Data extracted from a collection
□ □ □ □ □ □ □

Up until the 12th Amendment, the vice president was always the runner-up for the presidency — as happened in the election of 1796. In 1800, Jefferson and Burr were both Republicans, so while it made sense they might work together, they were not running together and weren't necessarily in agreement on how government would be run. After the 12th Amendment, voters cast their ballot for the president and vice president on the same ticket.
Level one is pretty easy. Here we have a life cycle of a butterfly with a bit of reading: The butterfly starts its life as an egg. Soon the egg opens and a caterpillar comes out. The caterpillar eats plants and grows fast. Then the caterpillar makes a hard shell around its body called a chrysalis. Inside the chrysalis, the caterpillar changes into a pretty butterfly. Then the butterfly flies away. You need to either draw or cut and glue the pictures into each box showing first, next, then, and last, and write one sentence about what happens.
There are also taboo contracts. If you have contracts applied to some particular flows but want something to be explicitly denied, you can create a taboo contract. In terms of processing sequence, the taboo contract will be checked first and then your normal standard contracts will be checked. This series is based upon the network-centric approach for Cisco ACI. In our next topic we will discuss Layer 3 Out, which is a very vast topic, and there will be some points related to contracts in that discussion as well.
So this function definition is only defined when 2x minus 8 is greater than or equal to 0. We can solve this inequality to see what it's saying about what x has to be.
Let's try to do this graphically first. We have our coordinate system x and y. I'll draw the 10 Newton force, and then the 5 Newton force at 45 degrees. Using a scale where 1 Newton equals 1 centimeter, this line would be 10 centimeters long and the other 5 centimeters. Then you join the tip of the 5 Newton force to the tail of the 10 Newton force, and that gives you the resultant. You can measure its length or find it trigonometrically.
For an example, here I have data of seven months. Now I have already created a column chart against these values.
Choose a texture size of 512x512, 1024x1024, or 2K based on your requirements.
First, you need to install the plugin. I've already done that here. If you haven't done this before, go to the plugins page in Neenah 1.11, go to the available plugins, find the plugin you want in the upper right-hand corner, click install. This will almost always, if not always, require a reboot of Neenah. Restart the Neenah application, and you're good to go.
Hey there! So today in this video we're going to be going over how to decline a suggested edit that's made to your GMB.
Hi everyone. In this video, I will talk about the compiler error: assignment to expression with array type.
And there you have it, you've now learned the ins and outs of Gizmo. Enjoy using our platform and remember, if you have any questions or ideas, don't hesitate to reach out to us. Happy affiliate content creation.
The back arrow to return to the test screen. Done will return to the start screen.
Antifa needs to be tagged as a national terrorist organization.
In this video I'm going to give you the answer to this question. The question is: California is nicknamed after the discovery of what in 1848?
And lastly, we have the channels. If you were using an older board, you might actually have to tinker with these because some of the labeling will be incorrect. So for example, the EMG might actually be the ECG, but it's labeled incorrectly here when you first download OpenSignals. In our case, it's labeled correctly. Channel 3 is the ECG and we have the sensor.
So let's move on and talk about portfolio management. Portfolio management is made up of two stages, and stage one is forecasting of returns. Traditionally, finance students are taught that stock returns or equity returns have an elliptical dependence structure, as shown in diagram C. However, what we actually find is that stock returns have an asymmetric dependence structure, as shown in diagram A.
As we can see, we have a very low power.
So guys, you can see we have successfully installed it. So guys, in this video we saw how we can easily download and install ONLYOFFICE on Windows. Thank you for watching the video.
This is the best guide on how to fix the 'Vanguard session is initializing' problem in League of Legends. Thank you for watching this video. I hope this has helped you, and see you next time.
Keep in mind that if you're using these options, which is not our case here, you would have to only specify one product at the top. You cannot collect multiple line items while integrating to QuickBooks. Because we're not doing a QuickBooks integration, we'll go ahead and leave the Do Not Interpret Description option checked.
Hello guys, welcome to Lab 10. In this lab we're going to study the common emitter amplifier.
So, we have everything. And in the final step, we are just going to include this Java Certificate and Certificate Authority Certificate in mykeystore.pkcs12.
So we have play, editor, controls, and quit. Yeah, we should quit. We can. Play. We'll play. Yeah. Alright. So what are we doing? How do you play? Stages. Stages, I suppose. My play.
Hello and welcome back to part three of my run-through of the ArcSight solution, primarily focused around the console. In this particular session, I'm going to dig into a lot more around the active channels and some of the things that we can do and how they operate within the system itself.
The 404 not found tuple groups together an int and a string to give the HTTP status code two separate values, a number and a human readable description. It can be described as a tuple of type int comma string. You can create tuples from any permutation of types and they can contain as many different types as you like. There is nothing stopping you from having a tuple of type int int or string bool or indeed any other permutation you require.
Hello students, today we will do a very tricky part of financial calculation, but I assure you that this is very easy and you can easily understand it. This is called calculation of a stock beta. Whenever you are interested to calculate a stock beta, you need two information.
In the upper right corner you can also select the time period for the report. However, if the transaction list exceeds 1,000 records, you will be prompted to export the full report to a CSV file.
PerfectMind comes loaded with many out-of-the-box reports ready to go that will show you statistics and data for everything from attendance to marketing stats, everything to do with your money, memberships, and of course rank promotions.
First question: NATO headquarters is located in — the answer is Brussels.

□ □ □ □ □ □ □

Task: Show a copy of each line from the records above in which the string "doing" occurs.

Answer to this problem:
Keep in mind that if you're using these options, which is not our case here, you would have to only specify one product at the top. You cannot collect multiple line items while integrating to QuickBooks. Because we're not doing a QuickBooks integration, we'll go ahead and leave the Do Not Interpret Description option checked.
So we have play, editor, controls, and quit. Yeah, we should quit. We can. Play. We'll play. Yeah. Alright. So what are we doing? How do you play? Stages. Stages, I suppose. My play.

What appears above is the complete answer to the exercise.